Good news out of Kansas this week, from the Kansas City Star:
So many people showed up to protest what they say are attacks on Kansas’ sovereignty that at least a hundred had to wait outside the room.
The occasion was a hearing in a Senate committee on a resolution urging the federal government to respect the 10th Amendment and back away from mandates imposed on the states.
The resolution is symbolic, but its sponsors say it sends a message that many Kansans are unhappy with the federal government’s power over the states.
“It says simply ‘don’t tread on our freedom,” said the bill’s main sponsor, Sen. Mary Pilcher Cook, a Shawnee Republican.
Health care reform was mentioned most often as a cause for concern, but attendees also pointed to federal immigration policy, abortion rights, environmental regulations, gun control, the Recovery Act and laws that threaten to take away federal funds if the states don’t meet certain requirements.

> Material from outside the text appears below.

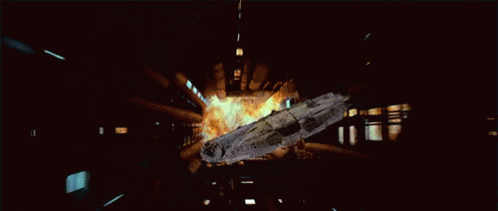 Flying Away From Explosions - Star Wars GIF - Star Wars Tie Figher Death Star GIFs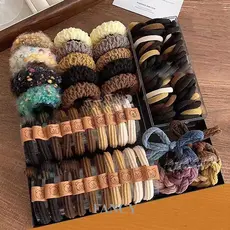 Conjunto 136 Laço Xuxinha Faixa Elástico De Cabeça Novo Estilo Borracha De Alta Qualidade Elástica Durável Loong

The resolution is part of a growing grassroots movement in state legislatures across the country as a protest to the intrusion of the federal government into state government affairs.
In 2009, 38 states introduced similar resolutions, and 7 states passed them, garnering some significant national media attention for these efforts. Already in 2010, at least ten states, most recently Wyoming and Rhode Island, have introduced sovereignty resolutions and “the next step,” nullification of specific federal laws, has been gaining traction in states around the country, too.